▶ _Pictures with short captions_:
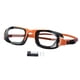 thumbnail image 3 of Gafas De Natación Ligeras, Visión Clara, Antivaho, Gafas De Natación Profesionales, Color Naranja Y Negro, 3 of 3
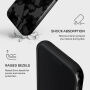 Burga Tough kryt se vzorem a MagSafe pro iPhone 17 Pro / 18 Pro - Nocturnal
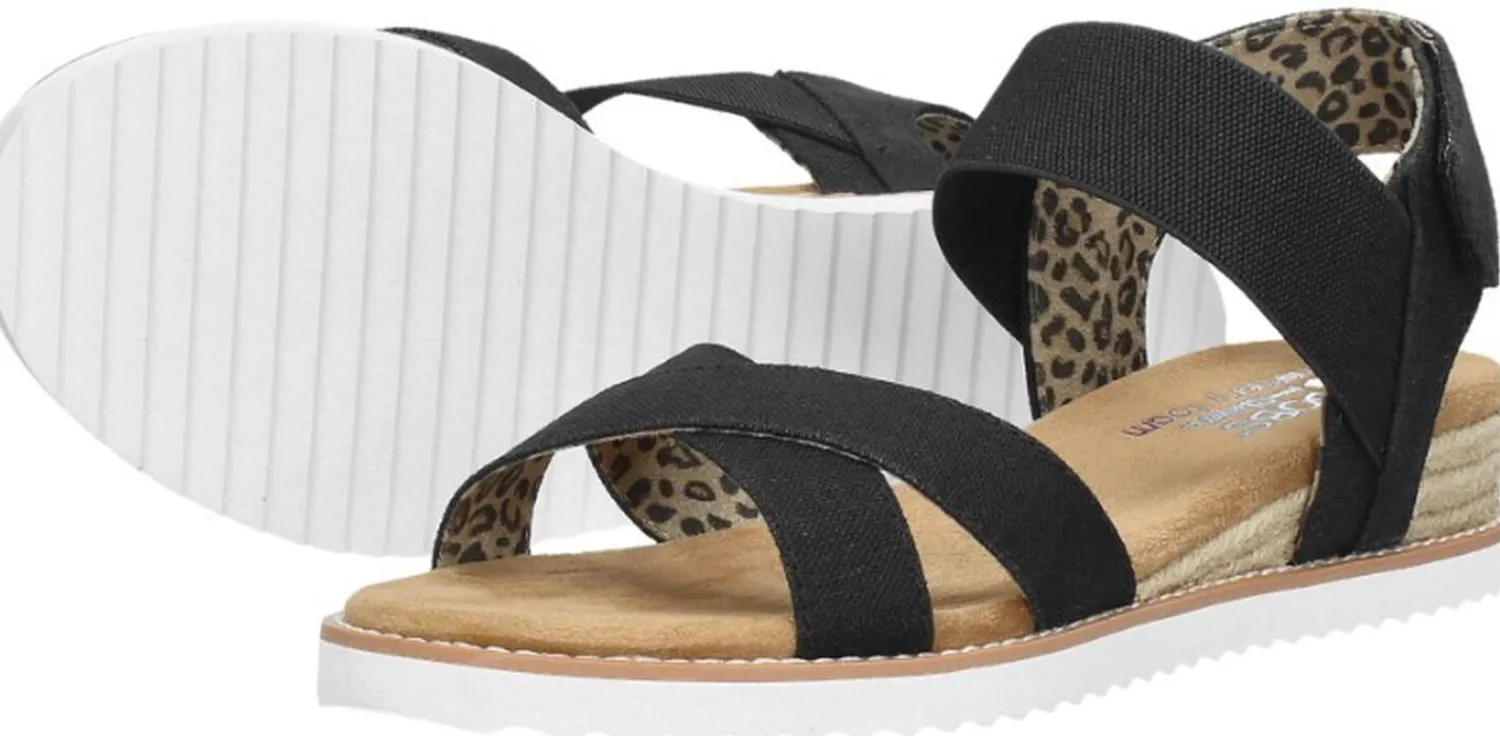 Bobs From Skechers BOBS Desert Kiss - Secret Picnic Zwart Online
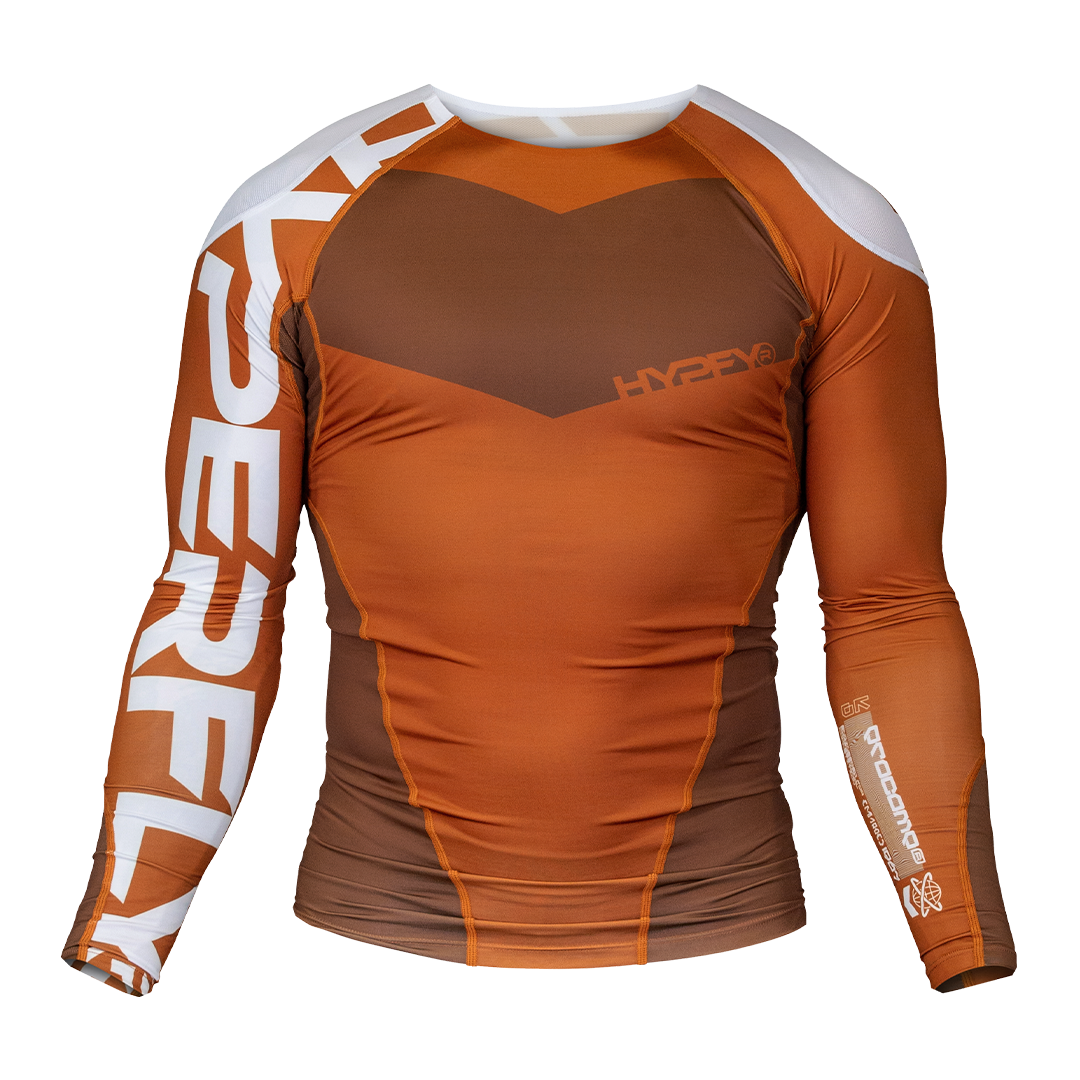 Procomp Edge Ranked Brown Long Sleeve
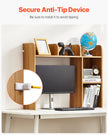 VEVOR Desktop Bookshelf Wood Desktop Storage Organizer 2-Tier for Office & Home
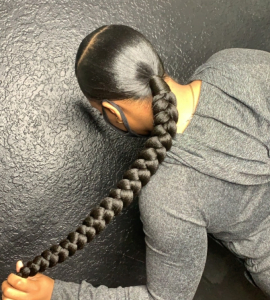 Invisible Ponytail for Doll_Transforms_LLC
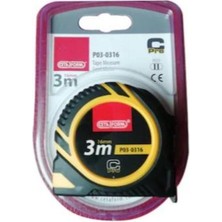 Normadia Pratik 3 M Uzunlukta, 16 mm Genişlikte Şerit Metre Ölçüm Aracı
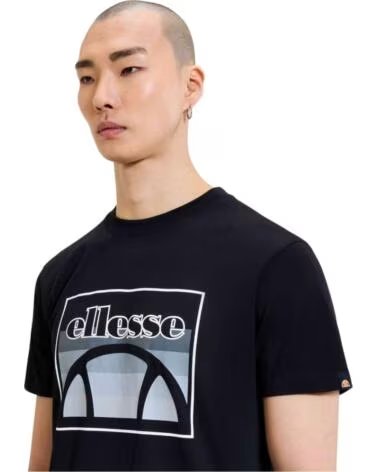 ELLESSE CAMISETA DE MANGA CORTA SHA22668-011 EN PARA HOMBRE NEGRO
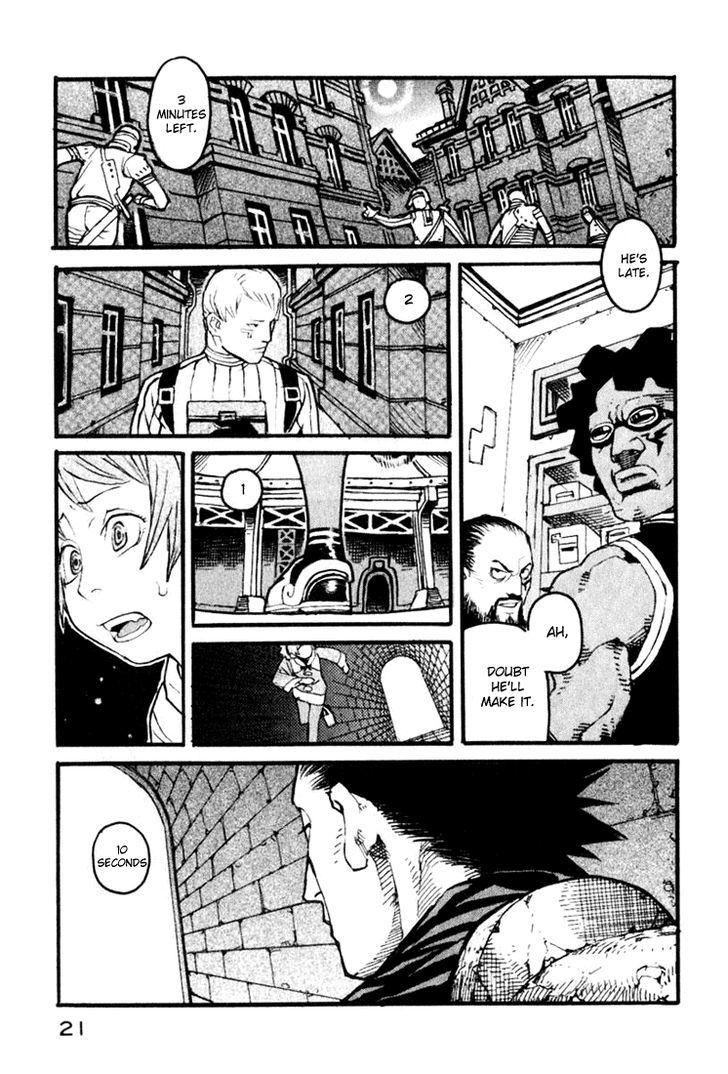 Kuudanshi Chapter 1 page 23 - Chapter 1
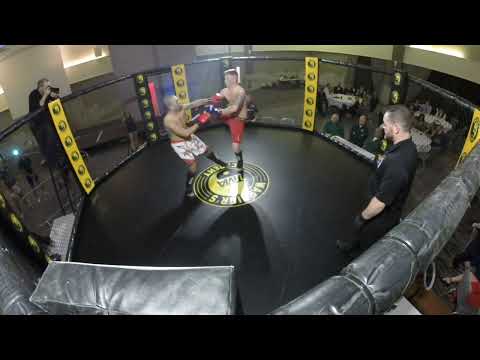 Ultra MMA  BELFAST  EMMANUEL THOMPSON VS OWEN MCCANN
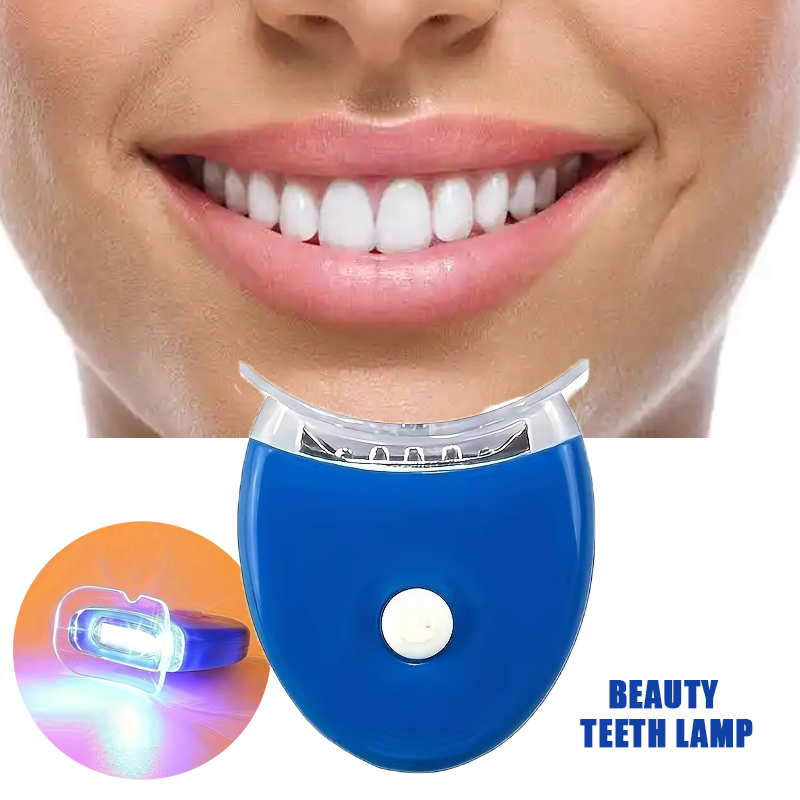 Teeth Whitening With Laser - LED Teeth Whitening Light Whitening Blue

▶ _Exercise aim_:
What must be output is the exact run of lines from the one holding "ELLESSE CAMISETA DE" through the end of the entries above, both ends included, minus the pictures.

▶ _Written answer_:
 ELLESSE CAMISETA DE MANGA CORTA SHA22668-011 EN PARA HOMBRE NEGRO
 Kuudanshi Chapter 1 page 23 - Chapter 1
 Ultra MMA  BELFAST  EMMANUEL THOMPSON VS OWEN MCCANN
 Teeth Whitening With Laser - LED Teeth Whitening Light Whitening Blue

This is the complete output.